Grudniowy rejs – 21.12.2015r

Kapitan Krzysztof Kwapiszewski nigdy w grudniu nie uczestniczył w żeglarskim rejsie po Bałtyku. Trafiła się okazja bo dla EMPATII POLSKIEJ zabrakło miejsca na nabrzeżu w Gdyni i należało przeprowadzić jacht na zimowanie do Jastarni. Zatem kapitan Andrzej Kwiatkowski z radością przyjął Kwapiszewskiego i jego załogę na ostatni w br. weekendowy rejs.
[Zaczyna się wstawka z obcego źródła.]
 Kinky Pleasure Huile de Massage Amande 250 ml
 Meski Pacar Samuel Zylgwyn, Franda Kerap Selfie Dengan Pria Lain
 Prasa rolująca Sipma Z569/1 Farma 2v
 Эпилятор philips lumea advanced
Jak na ostatni rejs przystało pojawiły się dodatkowe przygody.

Wiało 9 B. Po wejściu do portu w Helu okazało się, że nie ma możliwości bezpiecznego przycumowania. Fale przechodziły przez keję i groziły uszkodzeniem jachtu. Kapitan Kwiatkowski uznał, że należy opuścić port i popłynąć do Jastarni. Z mozołem pokonano dopychający wiatr i EMPATIA z trudem wyszła z portu na zatokę Gdańską.
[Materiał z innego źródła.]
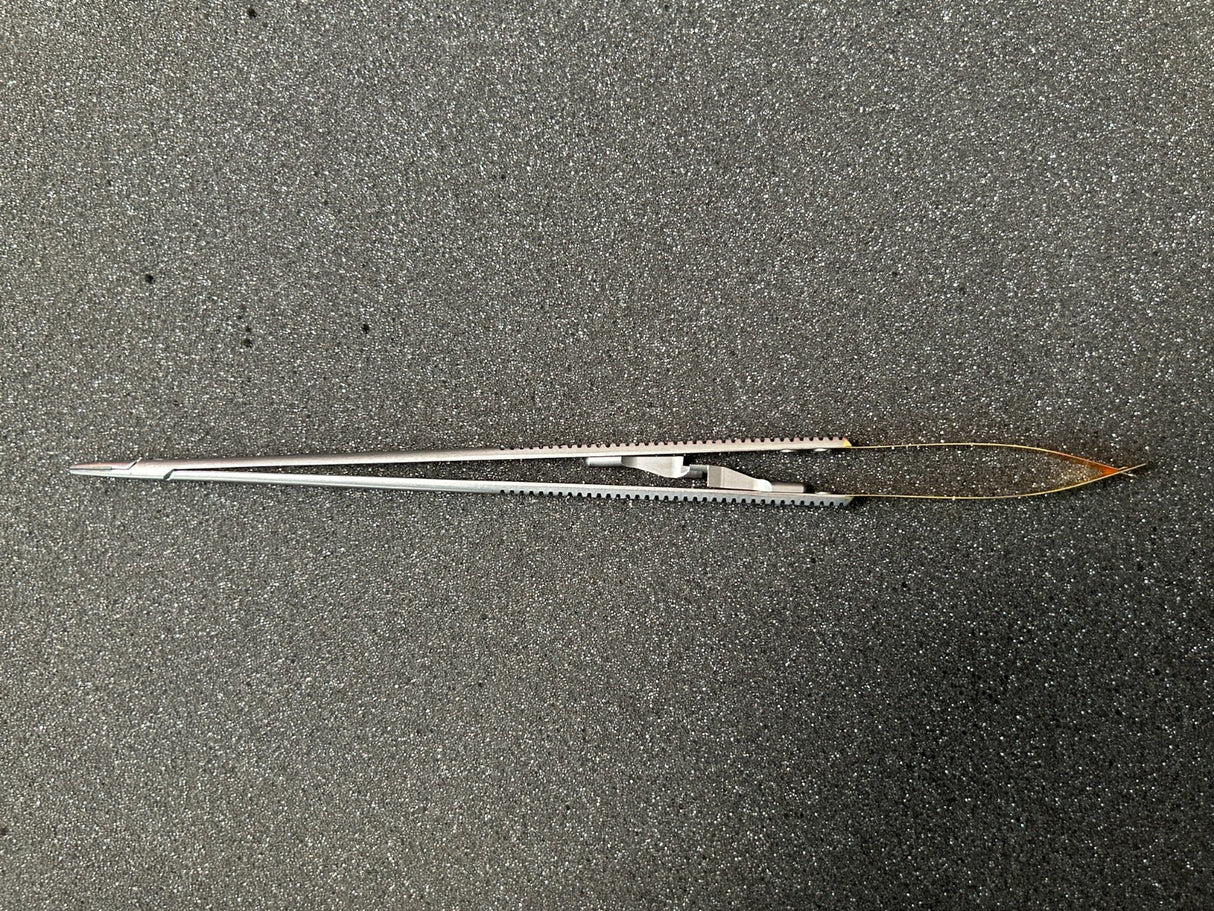 Codman 36-1007 Locking Needleholder, 8-3/4", TC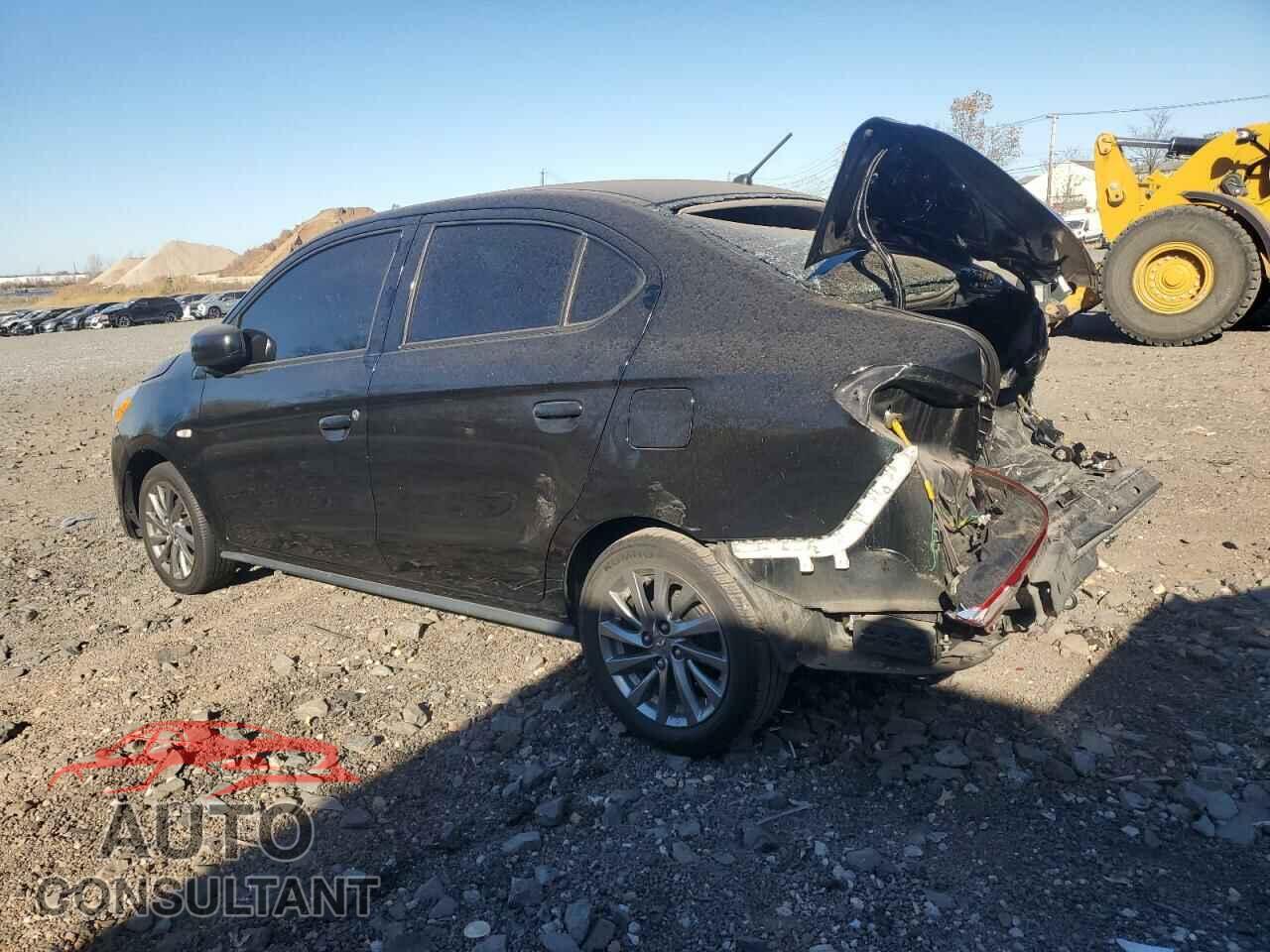 MITSUBISHI MIRAGE 2019 - ML32F3FJ7KHF09246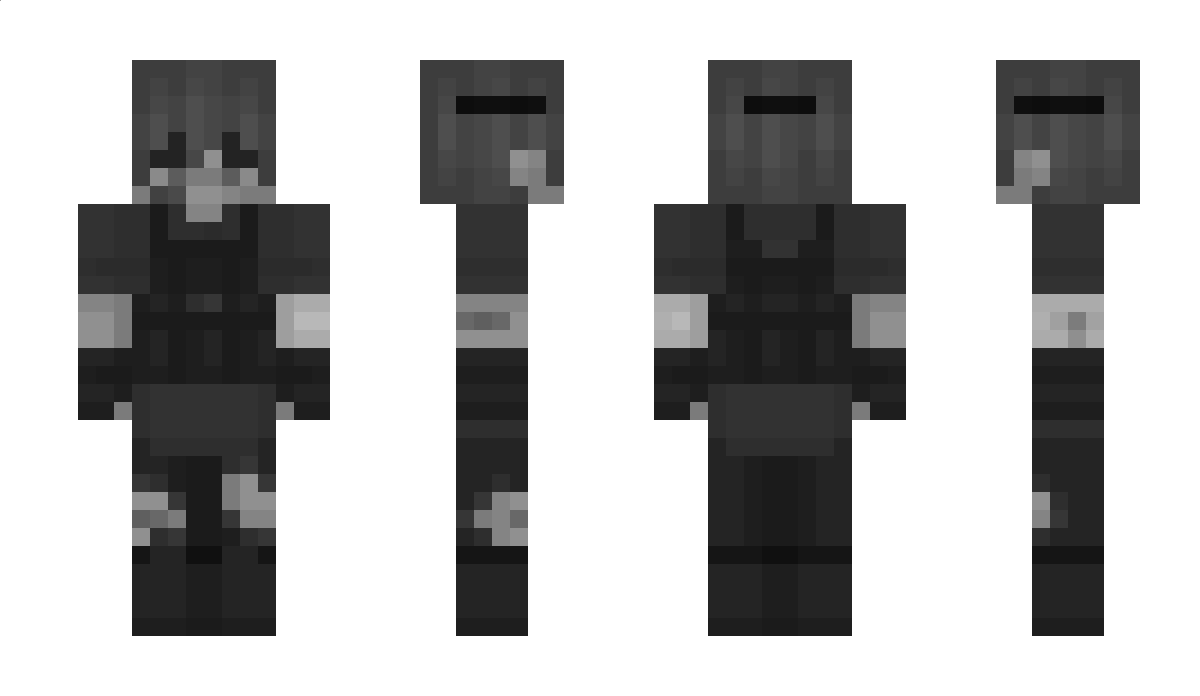 qryptic Minecraft Skin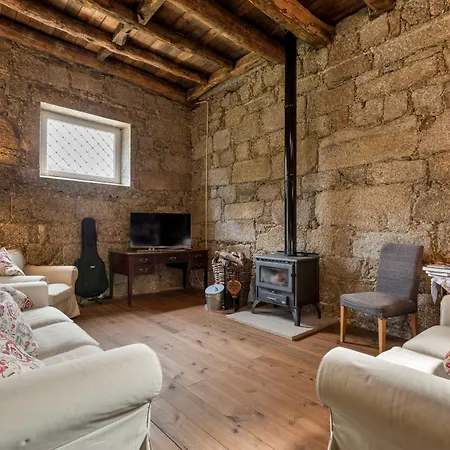 Quinta Barqueiros D'ouro - Casa Da Musica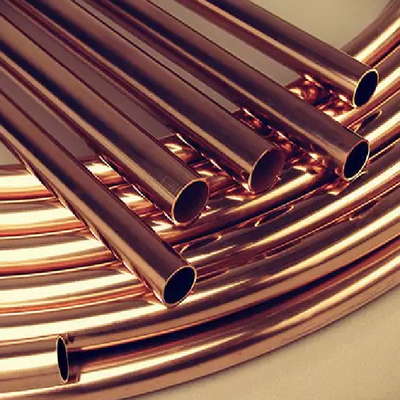 Condizionatore D'aria Con Tubo Di Rame Senza Saldatura Da 3,0 Mm E Tubo Per Apparecchiature Di Refrigerazione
Przyjemna w silnym wietrze żegluga dobiegała końca. Było już całkiem ciemno. Zrzucono żagle, sternik ustawił jacht zgodnie z nabieżnikami na wprost do wejścia do portu. Tuż przed boją podejściową spotkał ich koszmar żeglarza. Dryfująca w sztormie ogromna powierzchniowa sieć rybacka znalazła się na środku toru wodnego i szczelnie otuliła EMPATIĘ razem z płetwą sterową i śrubą silnika. Było groźnie. Jacht utracił sterowność a silny wiatr spychał go na mieliznę. Wysiłki załogi nie mogły być skuteczne. Na szczęście, obserwujący na radarze bosman z Jastarni zorientował się, że żaglowiec ma problem. Pomoc bez zwłoki dotarła do spętanej w sieci EMPATII i bezpiecznie na holu jacht dotarł do portu.

Dziękujemy Ci, dzielny bosmanie. EMPATIA stoi obecnie na nabrzeżu w Jastarni i czeka podobnie jak my na kolejne rejsy.